The growth and concentration of production, which at a certain stage required the emergence of the modern corporation, has also produced the modern working class, and thus the prerequisites for the socialist transformation of the world economy. The vast socialization of production under capitalism means “that private economic relations and private property relations constitute a shell which is no longer suitable for its contents” (Lenin in Imperialism) and must “inevitably be removed” by the working class coming to power and replacing private ownership of the means of production with public ownership and genuinely democratic control by the working masses.
Capitalism lays the groundwork, in other words, through the socialization of production on a world scale, for a higher social order, socialism, under which production will be organized, controlled and planned by the producers of wealth, not a handful of billionaires.
The politics of the filmThe Corporation’s utopian longing for an era of small business and free competition is fundamentally reactionary, as are the politics that flow from it. Despite its denunciations of corporate malfeasance, Achbar, Abbott and Bakan’s work is curiously devoid of urgency. There is no crisis of the system. The “collapse of corporate capitalism is not imminent,” writes Bakan blandly, and leaves the analysis at that.

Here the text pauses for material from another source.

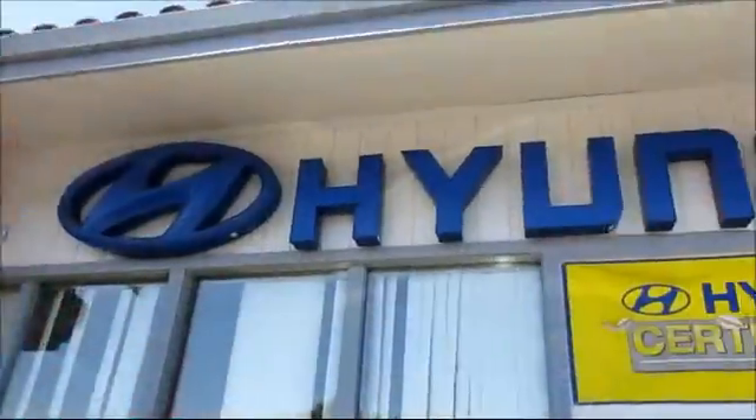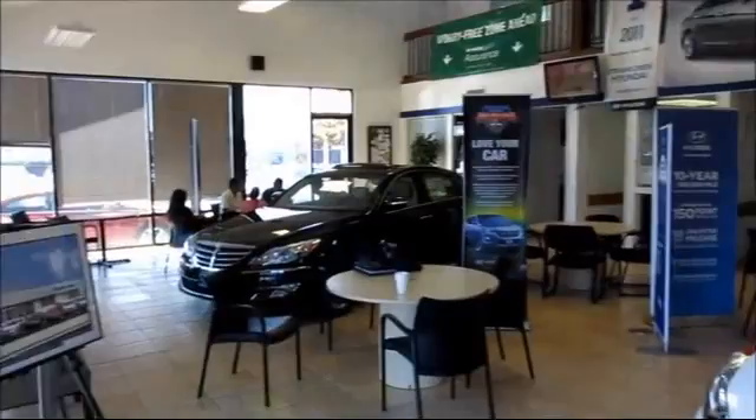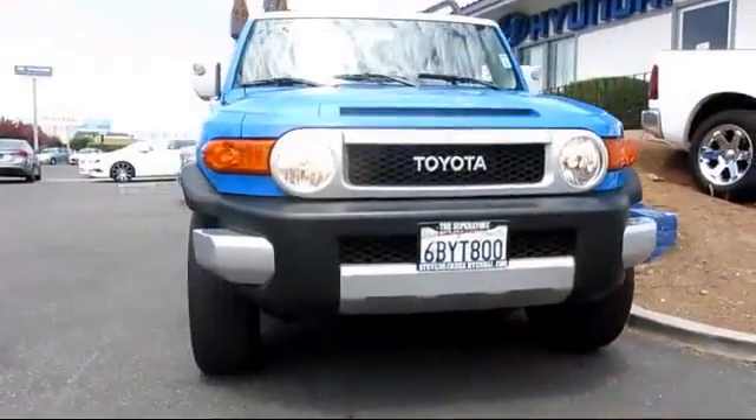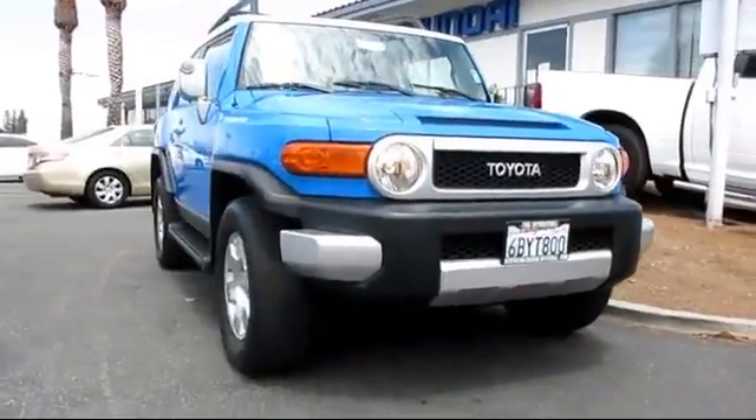Stevens Creek Hyundai is one of the Bay Area's premier Hyundai dealers, and here's another example of a great vehicle from our hand-picked selection of quality pre-owned cars and trucks.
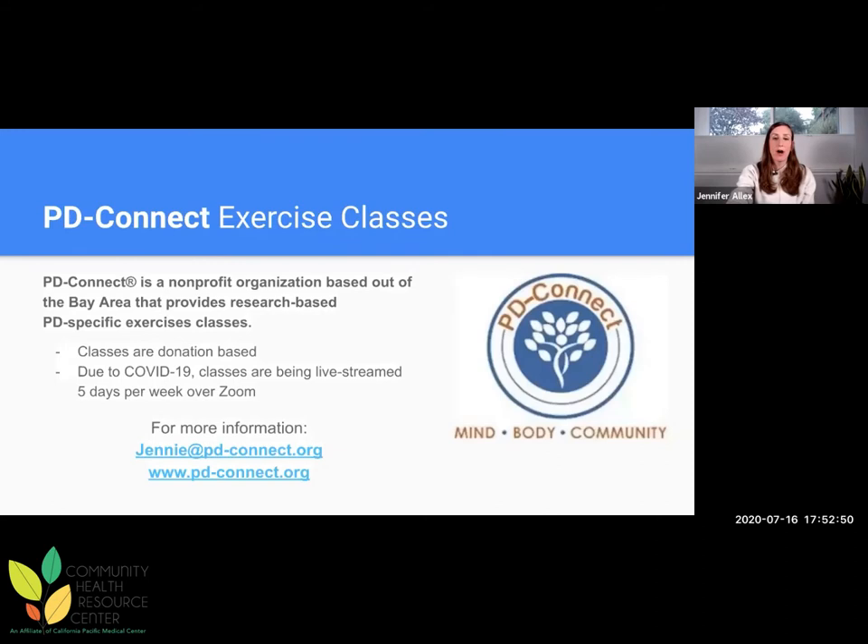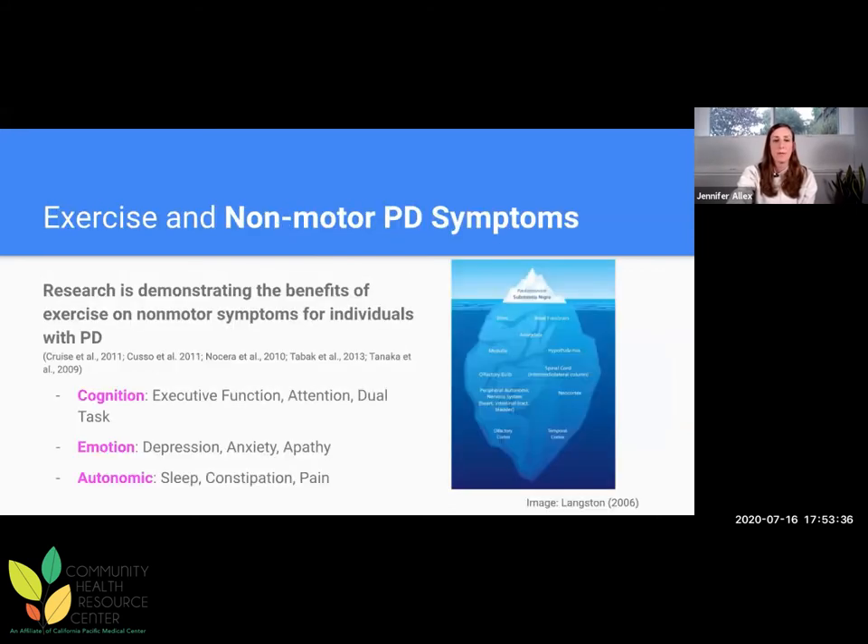I'm involved in something called PD Connect — it's a nonprofit organization based out of the Bay Area. All of the people involved with PD Connect have extensive training in Parkinson's. The classes are donation-based, and due to COVID, all of the classes right now are being live streamed — five days a week of programming over Zoom. I put my email at the end, but if that's something you're interested in, definitely reach out.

The role of the working class as the revolutionary “midwife” of a new and more humane society does not even arise for these people. The poor and oppressed in the film are meant to be pitied, perhaps assisted, by their enlightened middle-class friends, but never to be considered as the active and conscious makers of history.
The Corporation emerges from an international petty-bourgeois left-liberal milieu. Bakan, for example, made a prominent appearance at the 2001 “Future of Social Democracy in Canada” conference in Montreal, convened by former New Democratic Party (the Canadian social democrats) leader Ed Broadbent.
For all their denunciations of corporate wrongdoing, the talking heads in the film, such as Chomsky, filmmaker Michael Moore and others, have rallied behind the campaign of John Kerry, the multimillionaire representative of the Democratic Party and ardent defender of big business and imperialist war.
This is not an accident. It flows from the entire outlook of impotent protest that permeates the film, which is very much the outlook of a definite milieu of middle-class “lefts” who long ago abandoned, if they ever possessed, any confidence in the revolutionary potential of the working class or any belief in the viability of a revolutionary perspective.